# Do you have bad dreams/nightmares?



## star_cheese (Aug 12, 2018)

I want to hear if other people have a haunted subconscious like mine, and what it's like. Mine usually contain large empty structures, wide open areas with no other sign of life, feeling worthless, vivid and detailed, and rarely ever coming to a conclusion. I hate that part.

Please feel free to tell about yours.


----------



## Pondererer (May 18, 2016)

My dreams consists of trying to achieve a task, or just straight up "running" from a never ending problem.

Kind of like those dreams where you are trying to run, but you're as slow as a slug..


----------



## star_cheese (Aug 12, 2018)

Pondererer said:


> My dreams consists of trying to achieve a task, or just straight up "running" from a never ending problem.
> 
> Kind of like those dreams where you are trying to run, but you're as slow as a slug...

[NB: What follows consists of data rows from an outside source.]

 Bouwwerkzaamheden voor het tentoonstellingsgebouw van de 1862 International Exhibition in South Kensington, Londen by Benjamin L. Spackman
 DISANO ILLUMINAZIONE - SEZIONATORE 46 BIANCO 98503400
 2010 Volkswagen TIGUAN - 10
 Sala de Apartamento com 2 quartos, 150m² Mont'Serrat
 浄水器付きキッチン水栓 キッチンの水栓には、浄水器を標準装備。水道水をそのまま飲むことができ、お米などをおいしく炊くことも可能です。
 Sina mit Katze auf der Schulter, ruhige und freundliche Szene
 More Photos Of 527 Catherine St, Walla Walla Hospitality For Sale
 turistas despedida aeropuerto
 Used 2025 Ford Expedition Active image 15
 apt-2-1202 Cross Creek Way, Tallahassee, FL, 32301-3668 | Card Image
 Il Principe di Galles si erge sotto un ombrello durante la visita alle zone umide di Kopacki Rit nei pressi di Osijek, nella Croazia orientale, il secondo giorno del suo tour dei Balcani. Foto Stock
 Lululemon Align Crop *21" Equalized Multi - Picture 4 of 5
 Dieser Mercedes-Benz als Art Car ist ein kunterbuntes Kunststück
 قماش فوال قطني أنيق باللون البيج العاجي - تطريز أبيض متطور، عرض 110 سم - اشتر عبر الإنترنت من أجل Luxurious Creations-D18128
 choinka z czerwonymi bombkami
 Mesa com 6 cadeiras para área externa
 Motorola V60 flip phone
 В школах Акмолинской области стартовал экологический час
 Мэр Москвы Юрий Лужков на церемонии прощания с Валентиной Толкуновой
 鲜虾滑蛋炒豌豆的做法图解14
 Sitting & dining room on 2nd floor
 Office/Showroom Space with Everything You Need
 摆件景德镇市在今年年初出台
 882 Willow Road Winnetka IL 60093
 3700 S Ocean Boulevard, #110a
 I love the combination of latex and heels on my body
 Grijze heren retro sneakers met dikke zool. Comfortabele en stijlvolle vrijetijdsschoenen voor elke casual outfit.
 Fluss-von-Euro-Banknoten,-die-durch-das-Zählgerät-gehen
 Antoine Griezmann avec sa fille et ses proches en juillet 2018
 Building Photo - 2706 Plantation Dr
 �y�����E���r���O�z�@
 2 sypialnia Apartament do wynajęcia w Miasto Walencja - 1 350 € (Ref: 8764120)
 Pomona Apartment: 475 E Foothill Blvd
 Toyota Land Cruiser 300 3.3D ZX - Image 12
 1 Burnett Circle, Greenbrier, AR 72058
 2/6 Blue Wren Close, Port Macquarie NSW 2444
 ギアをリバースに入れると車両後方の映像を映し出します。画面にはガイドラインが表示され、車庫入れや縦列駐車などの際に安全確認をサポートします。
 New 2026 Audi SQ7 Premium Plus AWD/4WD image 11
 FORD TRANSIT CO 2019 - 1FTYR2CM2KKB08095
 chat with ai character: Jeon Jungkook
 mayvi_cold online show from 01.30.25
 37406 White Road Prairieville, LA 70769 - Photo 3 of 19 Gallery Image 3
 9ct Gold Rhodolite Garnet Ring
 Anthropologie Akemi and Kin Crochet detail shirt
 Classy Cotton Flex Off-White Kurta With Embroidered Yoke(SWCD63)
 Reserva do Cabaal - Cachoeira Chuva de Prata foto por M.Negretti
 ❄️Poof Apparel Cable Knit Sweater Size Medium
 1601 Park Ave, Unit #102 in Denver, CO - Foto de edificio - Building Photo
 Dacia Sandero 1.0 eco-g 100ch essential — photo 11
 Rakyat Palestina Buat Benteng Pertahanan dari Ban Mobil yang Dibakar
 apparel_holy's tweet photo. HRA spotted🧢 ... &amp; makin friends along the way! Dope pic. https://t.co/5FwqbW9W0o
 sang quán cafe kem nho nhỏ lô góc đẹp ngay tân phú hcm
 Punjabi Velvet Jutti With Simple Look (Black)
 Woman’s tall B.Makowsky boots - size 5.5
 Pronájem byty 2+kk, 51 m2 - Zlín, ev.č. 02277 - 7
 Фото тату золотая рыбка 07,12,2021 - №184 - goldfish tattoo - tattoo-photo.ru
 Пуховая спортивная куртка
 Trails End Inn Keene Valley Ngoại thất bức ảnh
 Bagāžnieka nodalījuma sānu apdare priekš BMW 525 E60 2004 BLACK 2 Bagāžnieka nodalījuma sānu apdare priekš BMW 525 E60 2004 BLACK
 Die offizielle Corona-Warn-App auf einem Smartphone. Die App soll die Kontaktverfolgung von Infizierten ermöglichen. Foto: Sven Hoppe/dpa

Yeah, or like a stuck tire spinning out in mud. I've had those too


----------



## nicewon (Aug 10, 2017)

Had a straight up nightmare bout a week ago woke up completely shook couldn't go back to sleep for a few hours it happens to me a few times a month it's def from trauma I've put myself through or other ppl who have done to me


----------



## star_cheese (Aug 12, 2018)

They screw up your body because loosing sleep and your head, I hear that.


----------